Toddler Wedding Survival Guide

My flower girls, 2015.

Both of my brothers are getting married this summer. This past weekend was the first of the two weddings my 18 month old daughter attended with the role of a flower girl. She was more of an honorary flower girl because I held her at the altar the entire time (I was a bridesmaid). My daughter has been to three weddings in her 18 months of life and soon to be a flower girl once again in just a few weeks. Here are some tips to help ease your child into being compliant at the happiest day of the newlyweds lives.
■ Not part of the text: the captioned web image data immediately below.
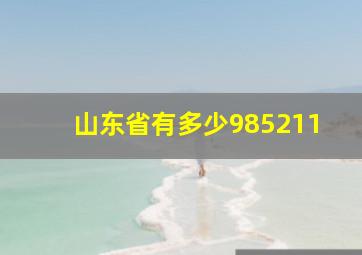 山东省有多少985211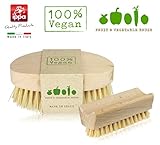 Spazzola vegana. Set per la pulizia di frutta, verdura e tartufi. Spazzola in legno naturale e tampico. Spazzola vegana. Interamente prodotto in Italia.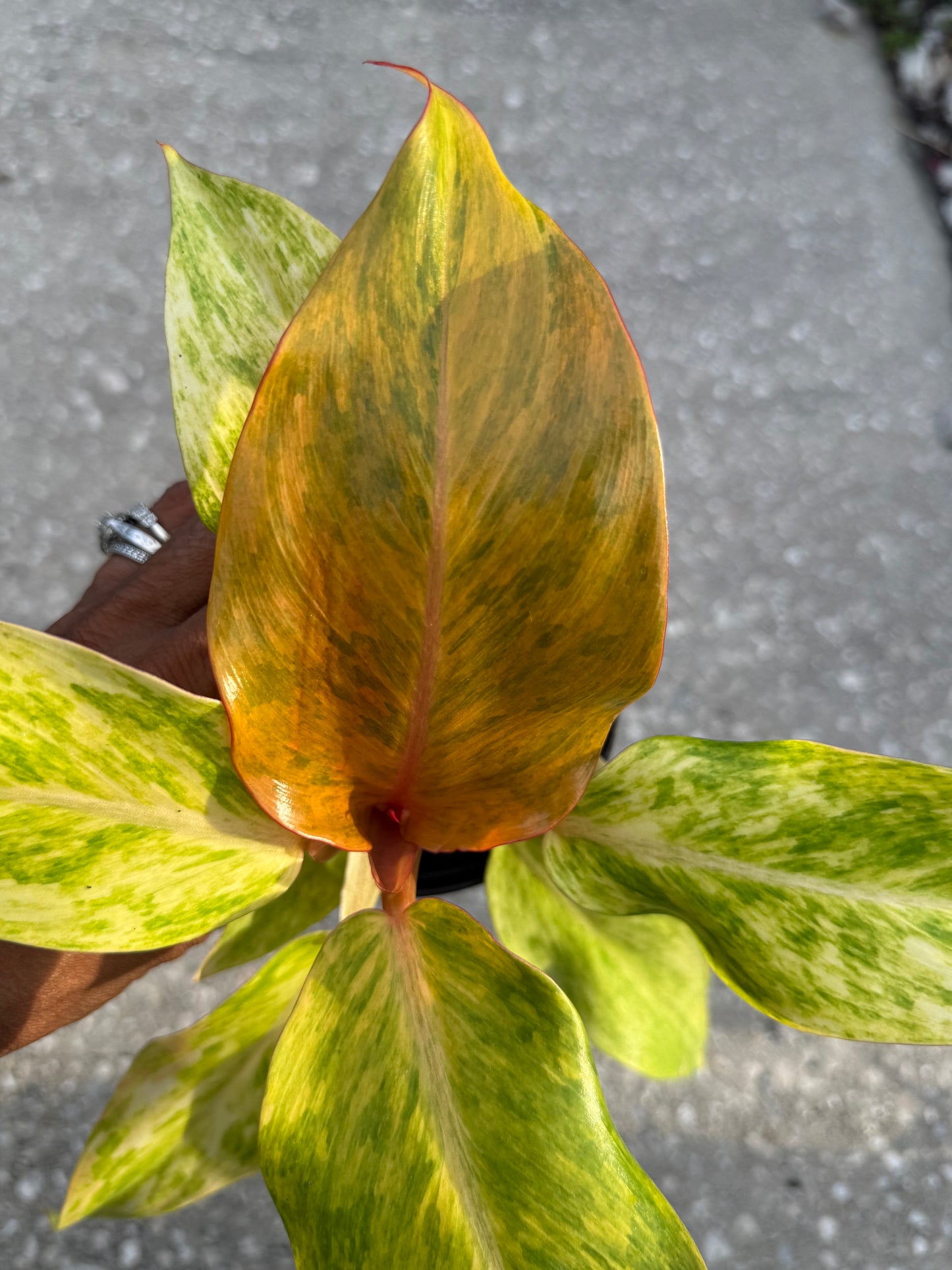 Philodendron 'Orange Marmalade'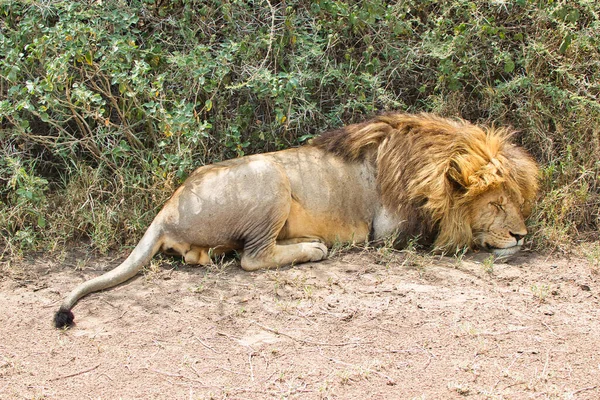 León Descansando Sombra Parque Nacional Del Serengeti Tanzania — Foto de Stock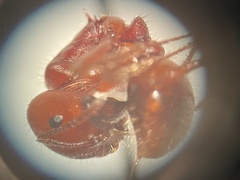 Pogonomyrmex barbatus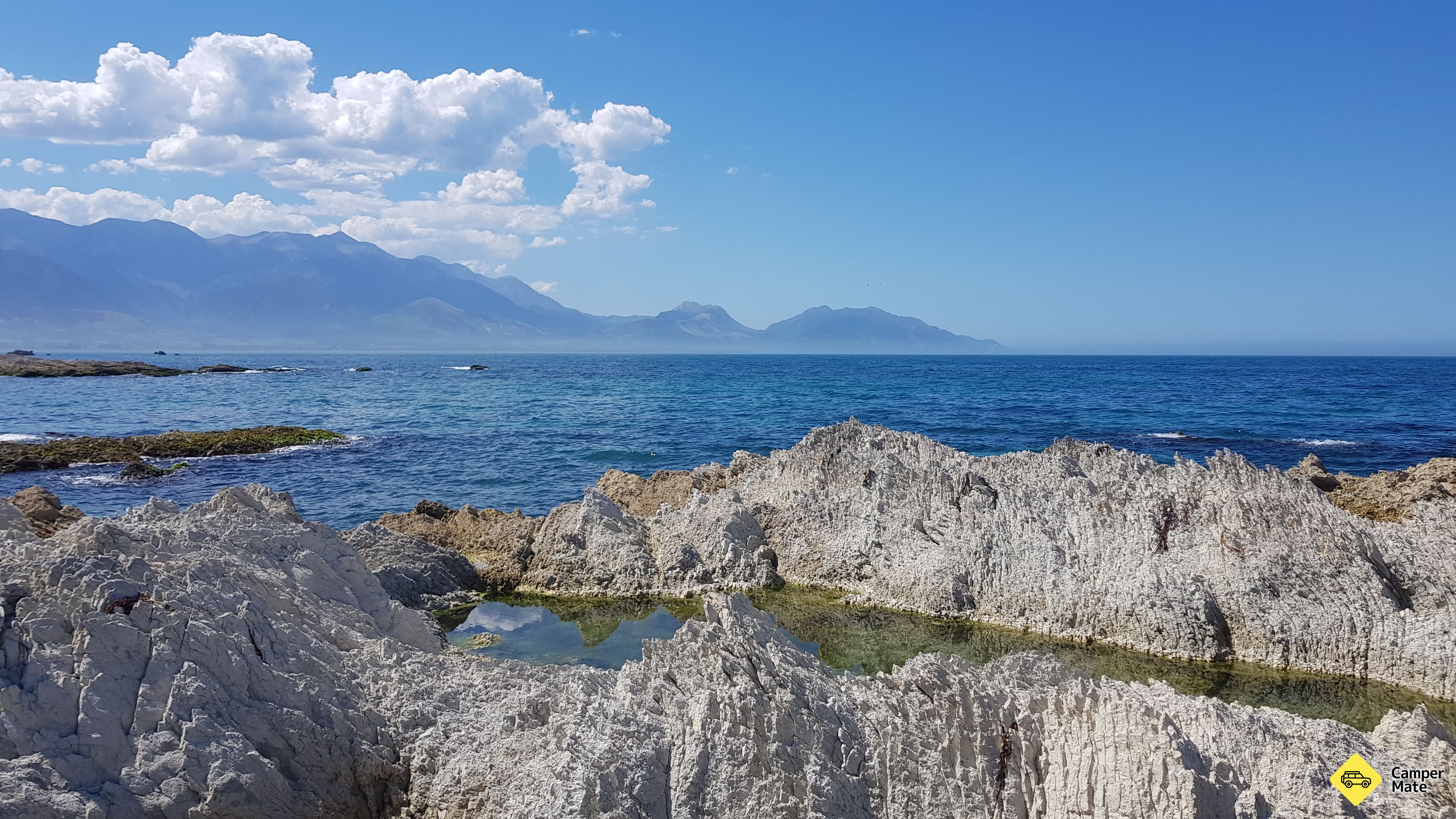 Kaikoura Seals Beach - Image 2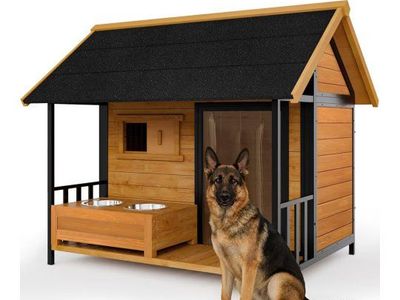 new dog house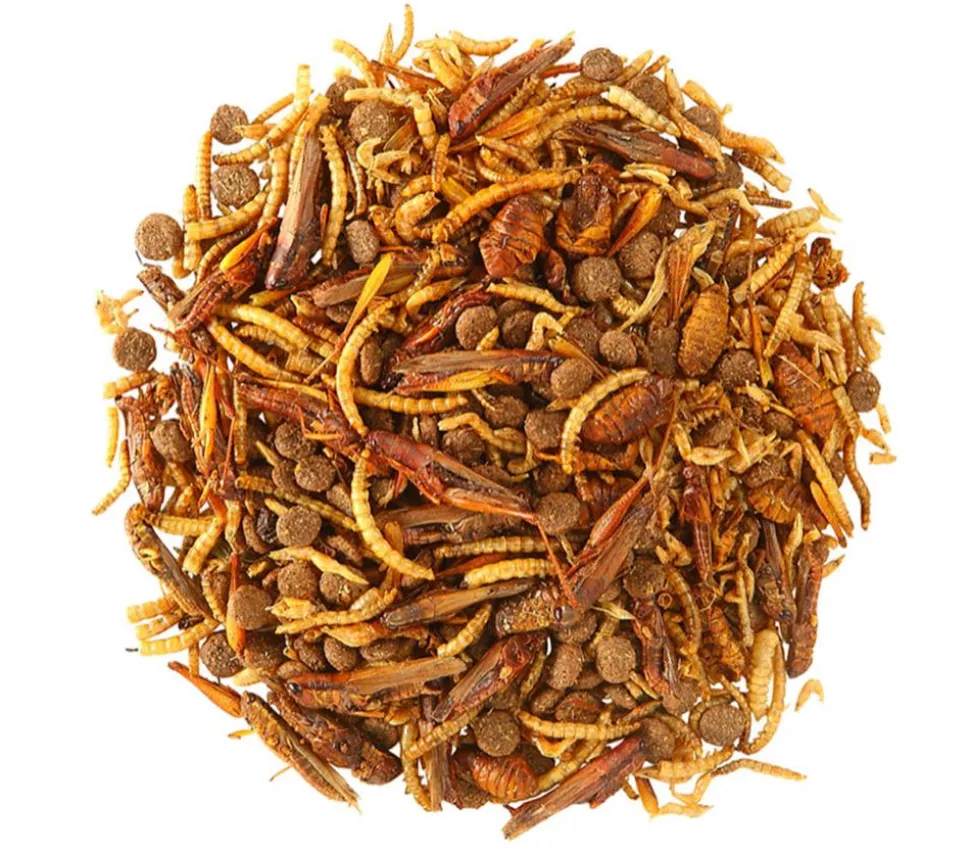 Dehner Natura Premium Igel-Delikatesse, 100g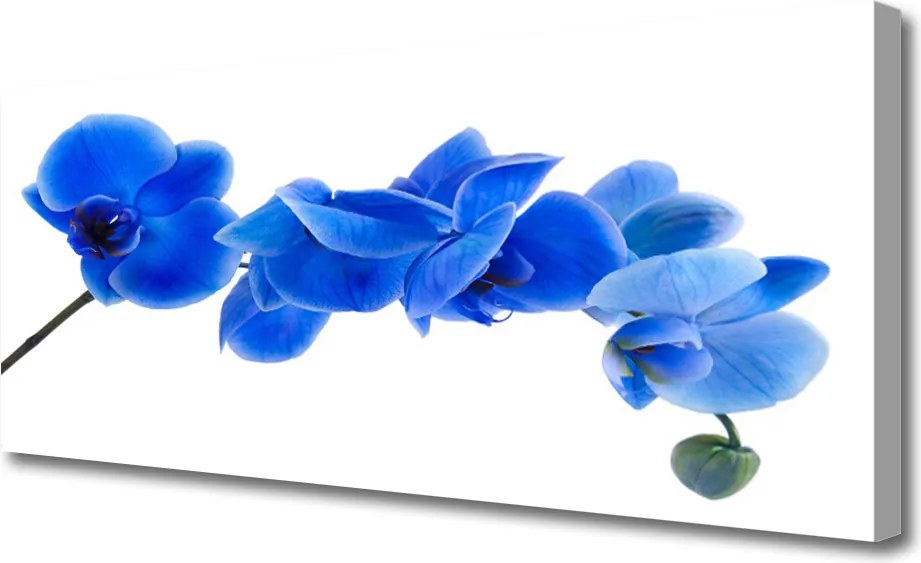 Obraz canvas Delikatność Roślinnej Formy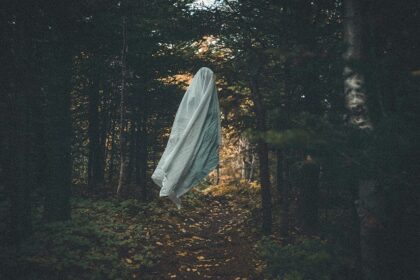 A picture of a ghost-like creature covered in white sheets roaming in the forest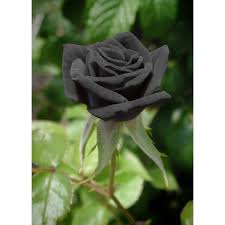The rosa nera building belongs to the polytechnic school of chania, and for thirteen years has been a place of struggle and emblematic culture, also covering roofing … Pianta Piante Di Rose Rosa Nera In Zolla Per Vaso Radicata Cm 35 Giardino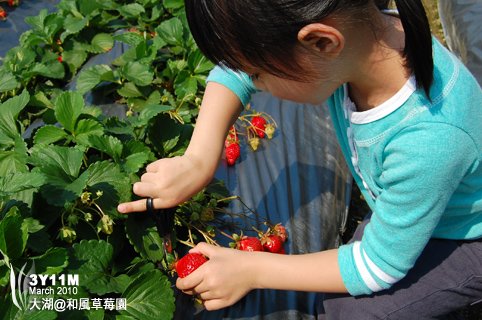 小思毅拿剪刀很順手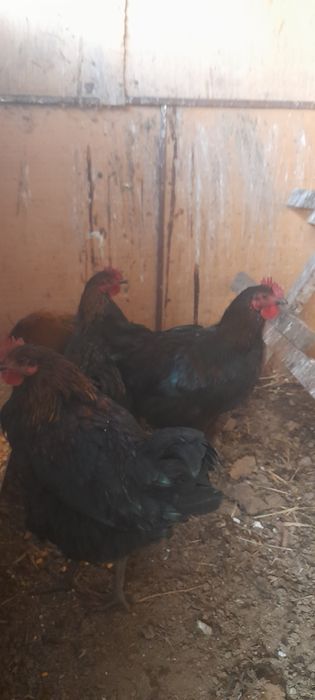 Продаём петушков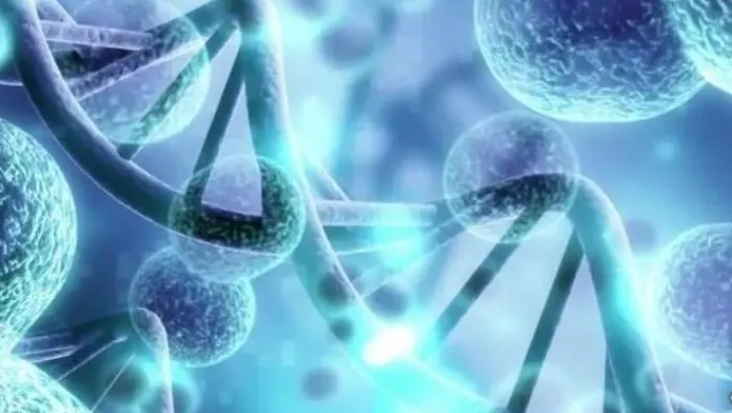 男性陰囊炎性癌可以做試管嬰兒嗎？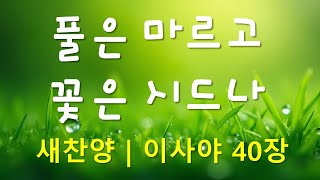 찬양 새로운 CCM   풀은 마르고 꽃은 시드나   작사 편곡 임진  이사야 40장 [upl. by Nuhsal512]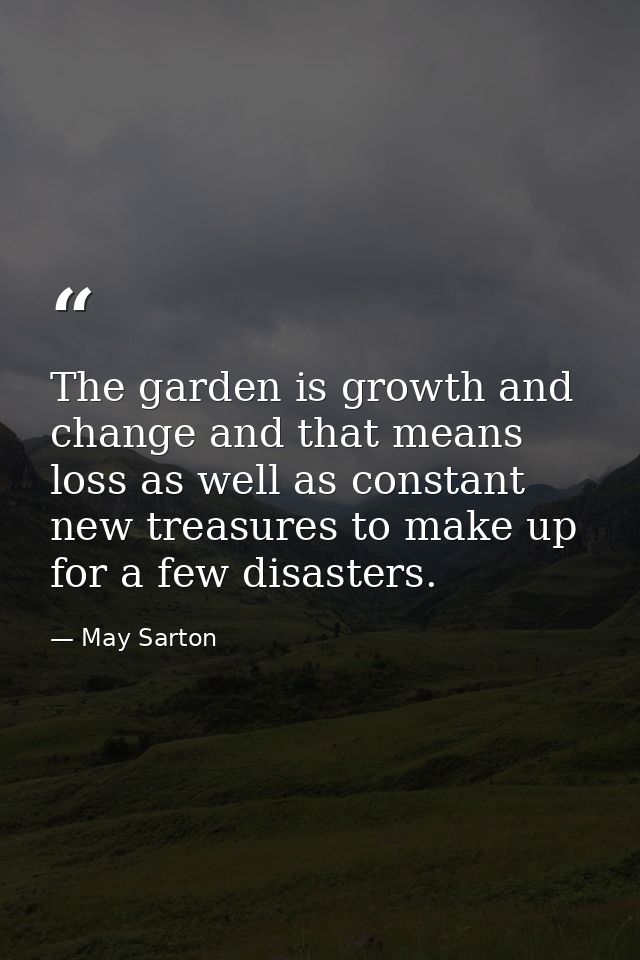 The garden is growth and change and that means loss as well as constant new treasures to make up for a few disasters. — May Sarton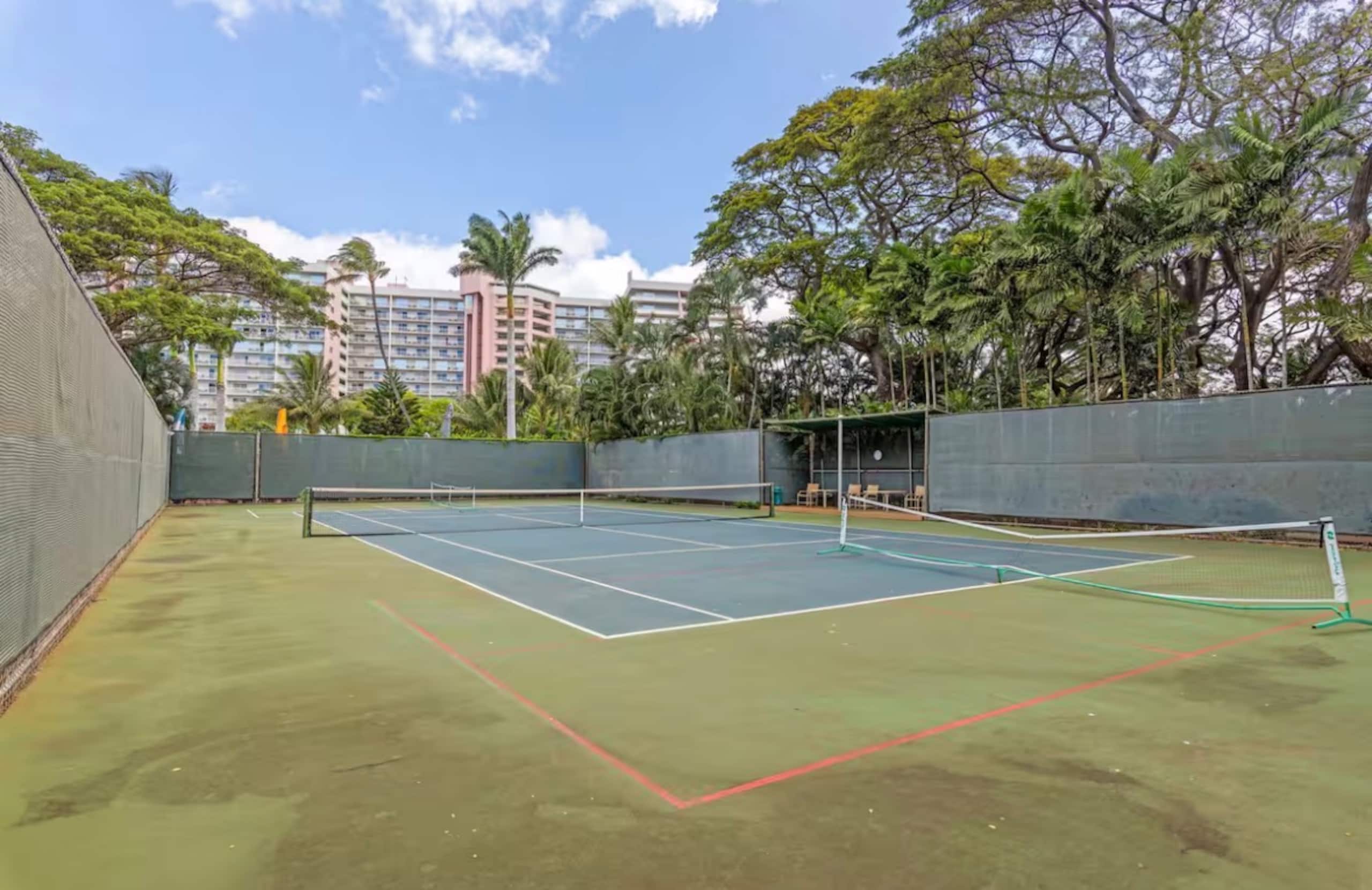 Oceanfront Mahana Panoramic Pacific Views - Image 37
  1. Make your child have a NAP if at all possible. I know as the child gets older, it can be harder and harder to ensure they squeeze in that nap before an important event. Let’s face it: the more important the upcoming event, the more they resist the nap and torture the parents am I right? My daughter is one of those children who needs a nap during the day in order to function later in the evening. Make the sleep space as familiar and inviting as you possibly can. If they use a sleepsack at home, bring it. Use sheets from home if you’re borrowing a playpen so they have the comforting scent of Home on them. Bring a sound machine if your child uses one – any comfort items really. Your goal is to make them feel secure, which will help them sleep better. The best time I found for a nap was just before the wedding ceremony if it starts at 3 pm or later, or if the wedding is earlier and there is a big gap before dinner, try to squeeze in a power nap then! My daughter was 9 months old at one of my friend’s weddings and she was getting married in my hometown, so during cocktail hour I went to my parents and put my daughter down for an hour before dinner was served. She lasted until 9 pm! If your child flat out refuses to sleep, read below.
  2. Prepare to walk a lot. The thing that kept my daughter happy was walking and exploring. I trailed after her during speeches, the first dance, during dinner – but this kept her happy and content. My parents were in no condition to help, and my daughter didn’t want my husband so I got my exercise that night. Traveling around the room and seeing new people, decorations and scenery will help keep a child distracted, and allow you to listen to a 1/3 of the best man’s speech.
  3. Bring toys and distractions. Because my daughter, husband and I were part of the wedding party, I didn’t bring many toys because I thought we would be too busy. Rookie mistake. Bring new and intriguing items to captivate their attention. The bride provided us with a mess free marker pad, but this only worked for a short amount of time. The real winning items were a set of three disposable cups from one of the kitchen stack that we could stack and knock down, and a blown up rubber glove with a sharpie smile. Lifesaver!
  4. Enlist in help if possible. If you need a break, tag the father of the child, aunts and uncles, grandparents or close family friends. Sometimes the child will be so enthralled by the new people that you can sneak off to the bar and down a glass of wine during your ten minutes of paradise. Maybe take a minute to say congratulations to the bride and groom? Just a thought!
  5. Food, glorious food. Weddings are normally filled with food. There’s food at cocktail hour, during dinner, dessert tables, late night snacks – toddlers can be food motivated and food distracted. Trapping them in a high chair with a plate full of food will be heaven for the both of you and it gives you time to enjoy the music and write in the guest book. This will also be a great opportunity for your toddler to try something new! If they don’t like it it doesn’t cost you anything!
  6. If at all possible, hire a sitter. It will be worth it. Go out and enjoy your evening!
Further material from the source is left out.